Lines with "Photo": report how many there are in the listing below, giving the number and nothing else.

__Excerpted data__
Start of Block
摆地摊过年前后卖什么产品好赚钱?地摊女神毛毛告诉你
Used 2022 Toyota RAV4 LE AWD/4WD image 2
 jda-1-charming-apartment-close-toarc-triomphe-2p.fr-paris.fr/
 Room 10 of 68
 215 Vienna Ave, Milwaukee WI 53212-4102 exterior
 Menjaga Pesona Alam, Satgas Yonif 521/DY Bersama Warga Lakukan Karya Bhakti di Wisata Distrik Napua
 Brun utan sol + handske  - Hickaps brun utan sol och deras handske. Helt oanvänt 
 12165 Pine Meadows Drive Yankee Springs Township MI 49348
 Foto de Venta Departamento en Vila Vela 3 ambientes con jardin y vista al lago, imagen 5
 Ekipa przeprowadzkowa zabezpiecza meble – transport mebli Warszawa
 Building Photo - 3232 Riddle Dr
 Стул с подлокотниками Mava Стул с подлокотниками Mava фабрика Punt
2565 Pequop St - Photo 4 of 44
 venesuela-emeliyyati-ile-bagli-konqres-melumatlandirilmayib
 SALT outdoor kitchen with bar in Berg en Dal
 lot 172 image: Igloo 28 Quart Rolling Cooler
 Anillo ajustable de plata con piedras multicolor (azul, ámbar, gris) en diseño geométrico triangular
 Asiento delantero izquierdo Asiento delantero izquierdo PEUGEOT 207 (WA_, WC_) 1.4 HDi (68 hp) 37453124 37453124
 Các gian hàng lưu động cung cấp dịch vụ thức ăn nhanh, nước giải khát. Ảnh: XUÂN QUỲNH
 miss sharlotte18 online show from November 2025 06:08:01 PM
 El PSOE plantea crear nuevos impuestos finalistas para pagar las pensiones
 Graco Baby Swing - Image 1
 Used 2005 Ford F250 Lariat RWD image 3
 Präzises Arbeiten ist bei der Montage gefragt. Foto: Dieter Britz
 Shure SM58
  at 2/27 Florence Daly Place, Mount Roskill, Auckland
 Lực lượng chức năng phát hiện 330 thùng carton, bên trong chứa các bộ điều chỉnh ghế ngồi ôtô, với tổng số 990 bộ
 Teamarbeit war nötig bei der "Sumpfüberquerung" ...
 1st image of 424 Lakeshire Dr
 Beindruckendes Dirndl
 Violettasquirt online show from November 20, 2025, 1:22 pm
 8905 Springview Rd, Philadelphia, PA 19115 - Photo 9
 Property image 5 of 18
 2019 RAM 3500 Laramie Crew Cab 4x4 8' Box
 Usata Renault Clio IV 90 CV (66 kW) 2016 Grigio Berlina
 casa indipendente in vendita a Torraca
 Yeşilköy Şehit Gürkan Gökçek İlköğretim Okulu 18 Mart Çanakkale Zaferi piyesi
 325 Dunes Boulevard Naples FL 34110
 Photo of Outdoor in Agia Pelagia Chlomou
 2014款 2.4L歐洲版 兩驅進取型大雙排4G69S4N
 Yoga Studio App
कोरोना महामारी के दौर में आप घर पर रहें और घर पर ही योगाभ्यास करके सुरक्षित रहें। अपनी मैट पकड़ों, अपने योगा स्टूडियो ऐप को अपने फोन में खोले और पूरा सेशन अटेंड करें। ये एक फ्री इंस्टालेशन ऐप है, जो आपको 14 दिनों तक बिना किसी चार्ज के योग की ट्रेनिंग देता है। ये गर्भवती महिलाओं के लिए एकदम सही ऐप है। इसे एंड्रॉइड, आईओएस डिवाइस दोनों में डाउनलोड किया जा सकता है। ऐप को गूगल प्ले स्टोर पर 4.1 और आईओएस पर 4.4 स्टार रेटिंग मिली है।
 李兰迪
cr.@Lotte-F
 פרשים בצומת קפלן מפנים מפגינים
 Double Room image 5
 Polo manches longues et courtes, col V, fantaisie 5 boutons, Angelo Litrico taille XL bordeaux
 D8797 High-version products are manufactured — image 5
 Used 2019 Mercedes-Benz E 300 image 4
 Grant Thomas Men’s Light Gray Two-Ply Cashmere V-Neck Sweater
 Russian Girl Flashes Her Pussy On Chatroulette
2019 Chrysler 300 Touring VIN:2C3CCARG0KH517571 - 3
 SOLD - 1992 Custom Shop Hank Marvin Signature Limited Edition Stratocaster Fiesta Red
End of Block
__Response area__
4